Bloco, Livre, PCP e PS insistiram nestes dois tabus mas receberam respostas vagas, nos dois dias de debate. Miranda Sarmento apenas adiantou que serão mudanças “mais administrativas e burocráticas” que incluem mexidas na comunicação — “comunicação!”, frisou — de greves, nas regras de mobilidade e para o “aperfeiçoamento” do sistema de avaliação. Alexandra Leitão (PS) admitiu mesmo travar a medida na especialidade dado que “não confia” no PSD nesta matéria e sugeriu até que a norma com o pedido de autorização poderia ir contra a Constituição.
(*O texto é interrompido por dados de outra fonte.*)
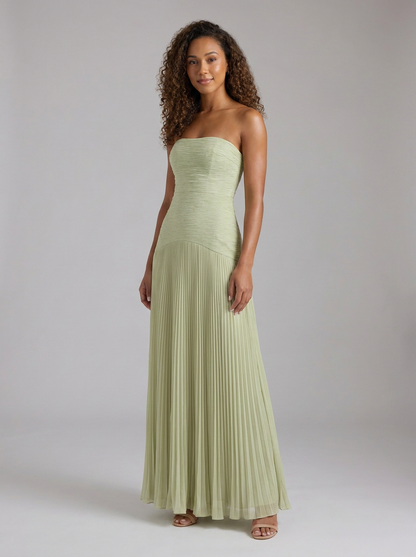 Honor Pleated Strapless Maxi Dress - Sage Green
Sobre a regra “uma entrada por uma saída”, a Esquerda fez várias vezes soar os alarmes (acusou o Governo de “falta de transparência”) e insistiu em saber como é que a medida se conjuga com a falta de trabalhadores em vários serviços públicos. “Onde vão cortar?”
O compromisso
Os deputados questionaram várias vezes o Governo sobre a taxa de carbono para esclarecerem: vai ou não aumentar em 2025 e, com ela, os preços dos combustíveis? Foi Graça Carvalho, ministra do Ambiente e Energia, a deixar o compromisso: a taxa “não vai aumentar” no próximo ano.
A garantia, no entanto, contraria o entendimento da Unidade Técnica de Apoio Orçamental (UTAO) que olhou para a subida da receita prevista na taxa de carbono no OE, de mais de 500 milhões de euros. E concluiu que esse valor é, em parte, explicado pelo aumento da procura, como o Governo tem dito. Mas outra parte, a maior, é explicada pela atualização anual da taxa cobrada nos combustíveis. Só assim o Estado poderá aumentar a receita desta taxa para o valor previsto, na leitura dos técnicos parlamentares, como escreveu o Observador.
O puxão de orelhas
Foi a expressão “ladrão” que provocou os protestos de vários deputados no hemiciclo. Na intervenção final pelo Chega, André Ventura fez a sua caracterização do OE: devia dar um “sinal” aos portugueses, mas se anunciou “dar com uma mão”, “tirou” com a outra. Traz “mais multas de trânsito, mais impostos sobre o consumo”. “É um Governo que é tão ladrão” quanto o anterior, disse mesmo. A expressão levou vários deputados a protestar — um deputado do PSD chegou mesmo a levantar-se e, apontando o dedo a Ventura, gritou: “És um mal-criado, pá!” Hugo Soares, líder parlamentar do PSD, pediu-lhe calma.
E José Pedro Aguiar-Branco viria a apelar à serenidade de todos. Já depois do fim da intervenção, renovou o apelo: disse ter ouvido das bancadas palavras como “escumalha” ou “miseráveis” e gestos que “não são apropriados”; lembrou que há escolas a assistir e que aquele não era um “exemplo de cidadania”; apelou à “contenção” em relação ao “vocabulário inapropriado”; pediu que se tratasse os adversários com “urbanidade” e que se cumprisse o Código de Ética. “Assim, estaremos a prestigiar a Assembleia.”